Jodie Whittaker makes history as the first female doctor on ‘Doctor Who’

Courtesy of BBC

Jodie Whittaker has made television history by becoming the world’s first female Doctor Who. Whittaker took over for Peter Capaldi, who played the doctor in “Doctor Who” during its 12th incarnation in 2014.

The popular classic science-fiction program is able to reboot with new actors in the lead role because of the fictional doctor’s ability to evolve his or her biology and appear as many different people throughout the series.

When the British Broadcasting Corporation announced in late 2017 that Whittaker would be playing the next version of the lead character in “Doctor Who” in season 11 in late 2017, the public’ reaction was mixed.

However, the pilot episode drew 8.2 million viewers when it aired in the United Kingdom and attracted 40.1 percent of British television viewers, a huge success for any television episode.

Michael Eaton, professor of film studies and production, said BBC is the latest major network to be more intentional about female leads.

“Female leads are all the rage at the moment with Wonder Woman and Captain Marvel,” Eaton said. “It’s really about the BBC jumping on the Marvel bandwagon of female leads in TV and movies.”

Aviel Mavila, sophomore biomedical sciences major, has been devoted to “Doctor Who” for five years and said he is excited for the newest season.

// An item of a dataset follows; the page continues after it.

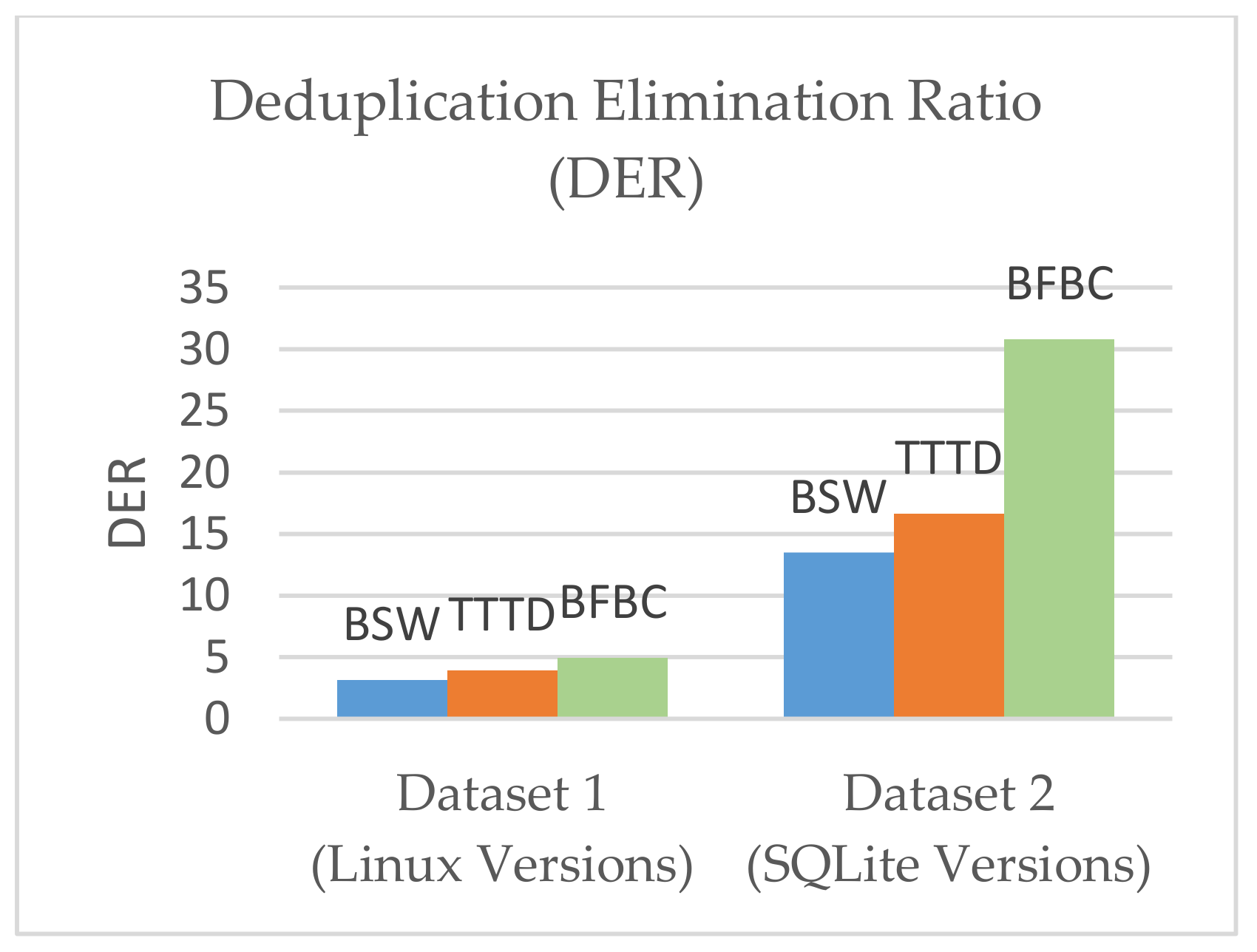 Symmetry 12 01841 g016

“I have seen five different actors’ portrayal of Doctor Who,” Mavila said. “Doctor Who is unique because of how each actor has the opportunity to make the doctor his or her own.”

Regarding the changes to the new season, Mavila said the change to a female lead was timely.

“It should be really interesting to see Doctor Who as a woman because the show has always been about history,” Mavila said. “Equality and women’s rights have been a significant part of this time, which will one day be history.”

The television industry has not always been so intentional about casting female leads.

“Older actresses will tell you that a female star as the top-billed talent in television was rare just a decade ago, and the star score is still dominated by men,” Eaton said. “However, Hollywood is working hard to fix the problem.”

James Ustick, sophomore mechanical engineering major, said he has watched all the seasons of “Doctor Who” multiple times. Though he likes the moral themes of each episode and the science-fiction aspects, Ustick said he is choosing not to watch the newest season.

“The show has veered away from its roots, removing the clever, know-all (original) doctor who is powerful and fears no man with a doctor who fears any slightly sexist remark or statement that is not politically correct,” Ustick said.

“It would have been interesting to see a woman doctor but the approach the show has taken with the added character is too politically loaded for me to enjoy.”

Despite the mixed reactions, the newest season of “Doctor Who,” which aired Oct. 7, was certified “fresh” on Rotten Tomatoes, scoring a rating of 95 percent from the professional critics.

New episodes of “Doctor Who” starring Jodie Whittaker air on BBC America on Sunday at 8 p.m.